Case Study: Enhancing Grid Resiliency for a Large Texas Utility
Context
A large Texas utility, responsible for managing over 2.4 million poles, serves one of the fastest-growing regions in the U.S. and faces constant pressure to keep its grid resilient against extreme weather. High winds—regularly exceeding 40 mph and occasionally reaching 80 mph—are a leading cause of outages, often compounded by vegetation interference and aging components such as wood cross-arms.
At the same time, regulatory expectations have increased. In May 2024, the utility filed its first System Resiliency Plan with the Public Utility Commission of Texas (PUCT), a nearly $3B commitment over three years to modernize the grid, harden infrastructure, and improve reliability. To succeed, the utility needed more than incremental improvements—it required a fundamentally new way to model, analyze, and strengthen its network.
Problem
Despite extensive data collection through inspections, vegetation management, and outage reporting, the utility struggled to proactively mitigate risk due to fragmented and incomplete datasets. Much of the information—such as inspection history or outage logs—remained in paper records or siloed systems, making it difficult to trace root causes or prioritize interventions.
Severe wind events regularly caused infrastructure failures, from conductor clashing to snapped cross-arms and downed poles. Without reliable data on the age and condition of components, and without visibility into third-party attachments, the utility often relied on reactive fixes—replacing damaged assets like-for-like rather than designing long-term solutions.
The existing “early warning” system, while helpful for identifying outage hotspots, was limited to a one-way view of outages without feedback loops to confirm whether corrective actions were effective.

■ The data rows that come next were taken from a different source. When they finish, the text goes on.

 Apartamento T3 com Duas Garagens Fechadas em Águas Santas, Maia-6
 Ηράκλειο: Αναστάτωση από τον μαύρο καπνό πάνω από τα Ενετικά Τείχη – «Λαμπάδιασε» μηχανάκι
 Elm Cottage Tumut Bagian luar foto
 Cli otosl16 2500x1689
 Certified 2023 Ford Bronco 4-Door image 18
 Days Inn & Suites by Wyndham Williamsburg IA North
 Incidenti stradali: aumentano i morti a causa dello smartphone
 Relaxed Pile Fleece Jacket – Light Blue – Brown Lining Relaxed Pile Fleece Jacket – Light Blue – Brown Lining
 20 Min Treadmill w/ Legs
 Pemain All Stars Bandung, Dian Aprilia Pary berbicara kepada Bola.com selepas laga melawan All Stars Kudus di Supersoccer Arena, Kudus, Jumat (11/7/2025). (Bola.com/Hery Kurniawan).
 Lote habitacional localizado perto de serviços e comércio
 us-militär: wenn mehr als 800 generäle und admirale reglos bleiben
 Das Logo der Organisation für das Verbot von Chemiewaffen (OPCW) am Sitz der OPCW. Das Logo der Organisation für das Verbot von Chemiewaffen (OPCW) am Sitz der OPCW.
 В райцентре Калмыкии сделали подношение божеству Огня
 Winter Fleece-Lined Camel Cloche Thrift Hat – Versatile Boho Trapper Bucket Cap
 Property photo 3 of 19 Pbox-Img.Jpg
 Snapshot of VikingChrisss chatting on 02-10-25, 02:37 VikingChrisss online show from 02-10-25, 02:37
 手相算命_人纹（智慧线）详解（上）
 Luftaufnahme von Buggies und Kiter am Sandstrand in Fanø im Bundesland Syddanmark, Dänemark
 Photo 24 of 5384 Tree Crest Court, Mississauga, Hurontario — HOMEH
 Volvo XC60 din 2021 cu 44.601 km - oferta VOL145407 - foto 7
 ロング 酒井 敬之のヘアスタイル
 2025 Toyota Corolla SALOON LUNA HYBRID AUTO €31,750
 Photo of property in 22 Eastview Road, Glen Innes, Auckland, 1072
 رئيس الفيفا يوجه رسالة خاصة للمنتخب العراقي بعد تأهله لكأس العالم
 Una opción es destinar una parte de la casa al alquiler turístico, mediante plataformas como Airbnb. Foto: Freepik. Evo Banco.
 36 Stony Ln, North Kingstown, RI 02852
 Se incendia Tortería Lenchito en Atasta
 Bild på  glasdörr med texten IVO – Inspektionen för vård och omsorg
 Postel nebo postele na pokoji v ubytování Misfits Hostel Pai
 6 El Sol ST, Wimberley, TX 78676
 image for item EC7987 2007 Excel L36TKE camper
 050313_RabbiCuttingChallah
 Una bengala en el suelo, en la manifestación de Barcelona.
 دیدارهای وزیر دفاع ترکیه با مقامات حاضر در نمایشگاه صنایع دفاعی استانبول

This reactive, piecemeal approach left engineering, operations, and asset management teams under pressure to meet regulatory standards, contain costs, and maintain customer trust in the face of frequent weather-driven disruptions.
Solution & Outcome
To shift from reactive repairs to predictive resilience, the utility partnered with Neara to implement a physics-enabled digital twin of its entire network. Neara’s platform centralized critical datasets—including LiDAR scans, GIS records, vegetation data, outage histories, and Osmose field data—into a single, structurally accurate model capable of simulating how assets would behave under real-world stress conditions such as high winds, vegetation encroachment, and wildfire risk.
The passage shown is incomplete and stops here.